## Instructions for the task:
Reproduce only this stretch of the listing below: from the line with "Android devices support" through the line with "So again, guys, how", exactly as written, with pictures excluded.
══ Source data ══
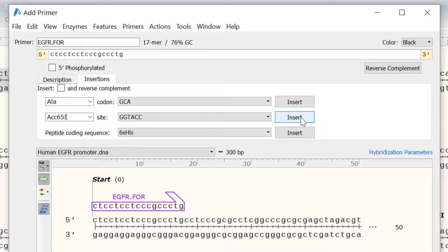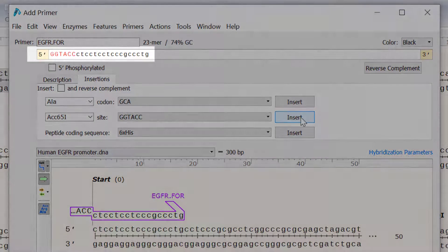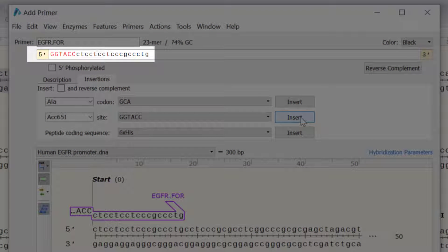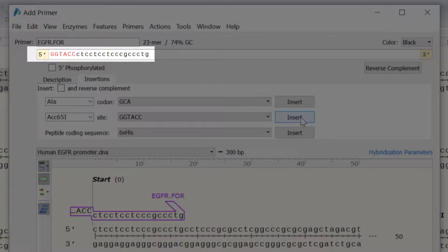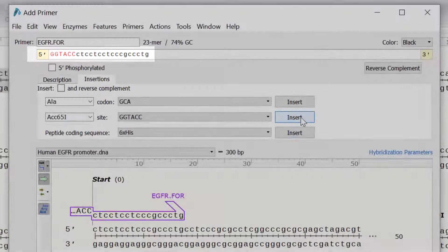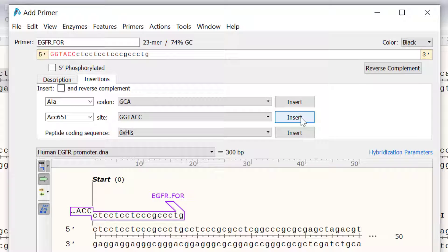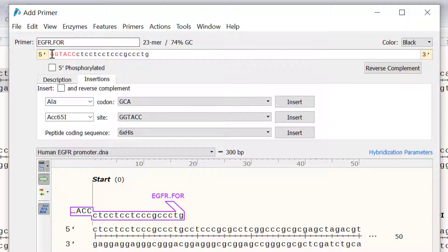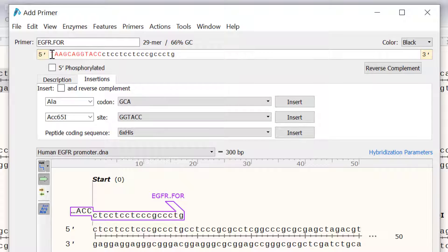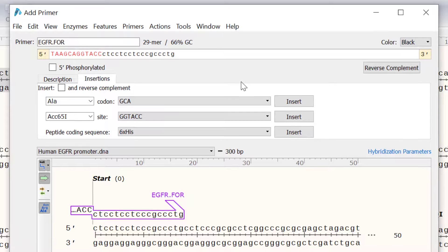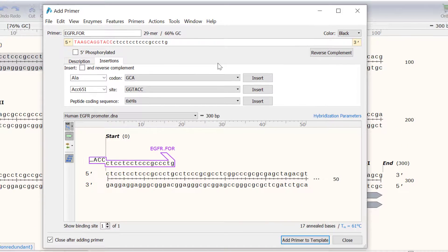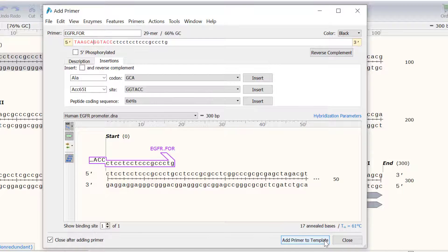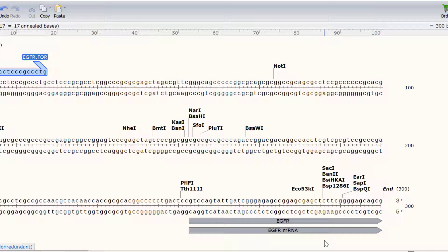Notice that the restriction site sequence has been added and can be identified by the red font. Since some restriction sites do not cut efficiently at the end of a linear piece of DNA, it is recommended to add up to 6 bases to improve cutting efficiency. So I will manually add the sequence TAAGCA at the 5' end. To save this primer I will click on the add primer to template button.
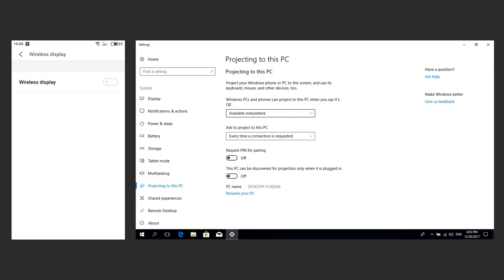Android devices support this function beginning with version 4.2. In various versions of Android or firmware by various manufacturers, the menu items may differ a bit. Enable this function.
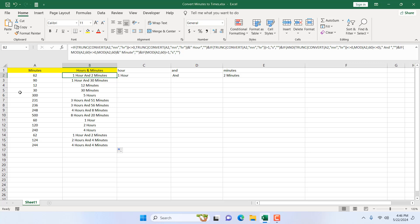This is how you can convert minutes to hours and minutes in Microsoft Excel. In this tutorial we learned how to use the TRUNC function, CONVERT function, MOD function, IF function, and the AND function. We also learned how to nest each function depending on your criteria. The formula will be available in the video description — please check it from there.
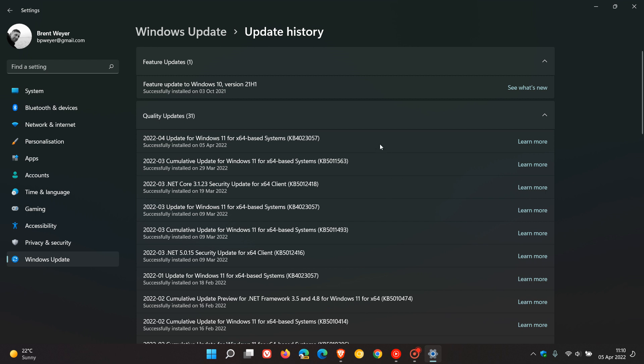What the update also does is install a small tool that you'll find listed in your apps and features list, called Microsoft Update Health Tools. This may do a couple of things if the tool detects any issues on your device.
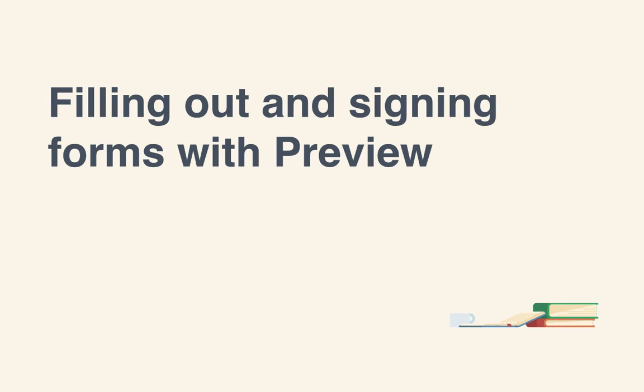Hi, my name is Alex Spencer and this is a tutorial for Tuts+. Going paperless is a goal we all share. Not only is it more efficient, but it's better for the environment.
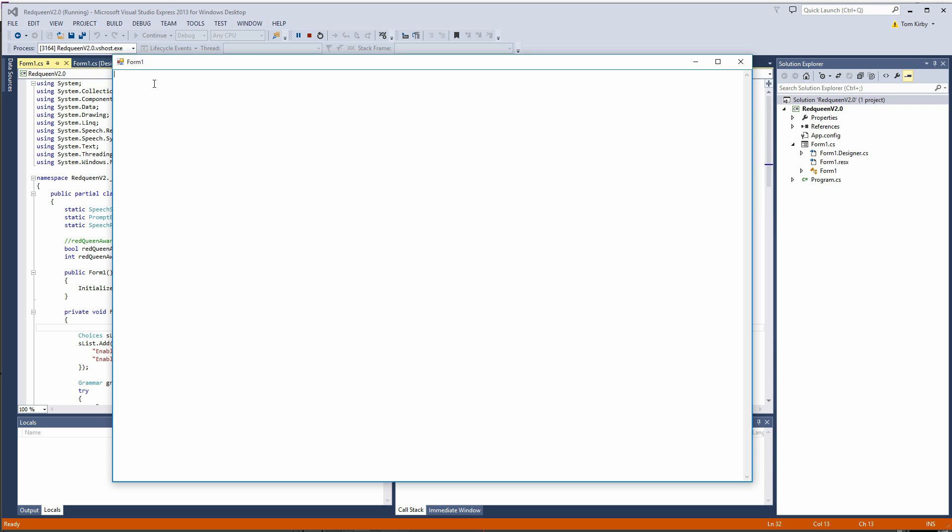The application sits there and waits for certain keyword audio phrases to be said. Now it won't let you say most of the voice commands unless the system is in an aware state.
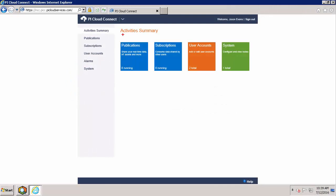In this video, we're going to take a closer look at PI Cloud Connect publications. Publications are an easy way for you to share portions of your company's data and infrastructure with the people who need it most.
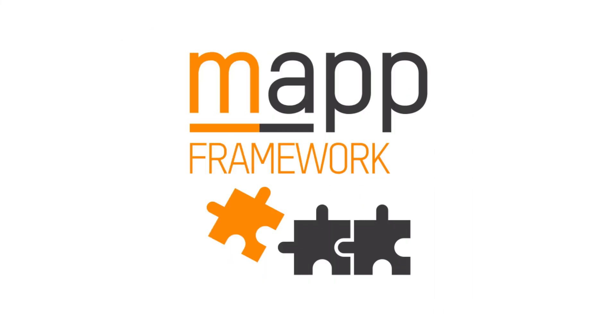And with that, we conclude our overview of the Map Backup Framework. Please feel free to check out the additional Map Framework tutorial videos within this playlist.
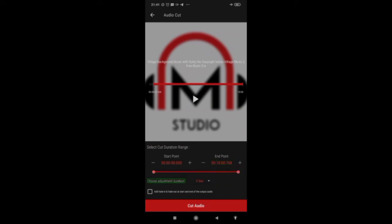There is also a range signal or adjustment duration setting. This controls how much the marker moves when you press the up or down button — for example, it can change by 1 second, 5 seconds, or 10 seconds, whatever you choose. This is a very good option.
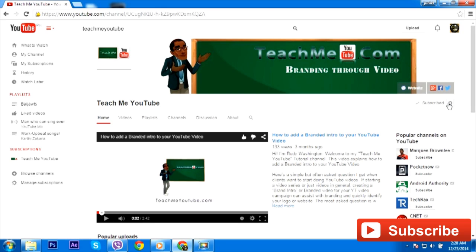So again, guys, how to subscribe to a YouTube channel using a hidden setting. Rudy Washington. If you like my video, visit YouTube Traffic Formula. If you like my video, subscribe to my channel. Thanks guys, bye.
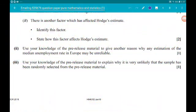For part 2, use your knowledge of the pre-release material to give another reason why any estimation of the median unemployment rate in Europe may be misleading. In the large data set or pre-release material, figures are rounded. Also, figures given by countries for unemployment rates will largely be estimates — they are not going to be exactly right. Either one of those answers works.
═══
## Reply:
Android devices support this function beginning with version 4.2. In various versions of Android or firmware by various manufacturers, the menu items may differ a bit. Enable this function.
This is how you can convert minutes to hours and minutes in Microsoft Excel. In this tutorial we learned how to use the TRUNC function, CONVERT function, MOD function, IF function, and the AND function. We also learned how to nest each function depending on your criteria. The formula will be available in the video description — please check it from there.
What the update also does is install a small tool that you'll find listed in your apps and features list, called Microsoft Update Health Tools. This may do a couple of things if the tool detects any issues on your device.
Hi, my name is Alex Spencer and this is a tutorial for Tuts+. Going paperless is a goal we all share. Not only is it more efficient, but it's better for the environment.
The application sits there and waits for certain keyword audio phrases to be said. Now it won't let you say most of the voice commands unless the system is in an aware state.
In this video, we're going to take a closer look at PI Cloud Connect publications. Publications are an easy way for you to share portions of your company's data and infrastructure with the people who need it most.
And with that, we conclude our overview of the Map Backup Framework. Please feel free to check out the additional Map Framework tutorial videos within this playlist.
There is also a range signal or adjustment duration setting. This controls how much the marker moves when you press the up or down button — for example, it can change by 1 second, 5 seconds, or 10 seconds, whatever you choose. This is a very good option.
So again, guys, how to subscribe to a YouTube channel using a hidden setting. Rudy Washington. If you like my video, visit YouTube Traffic Formula. If you like my video, subscribe to my channel. Thanks guys, bye.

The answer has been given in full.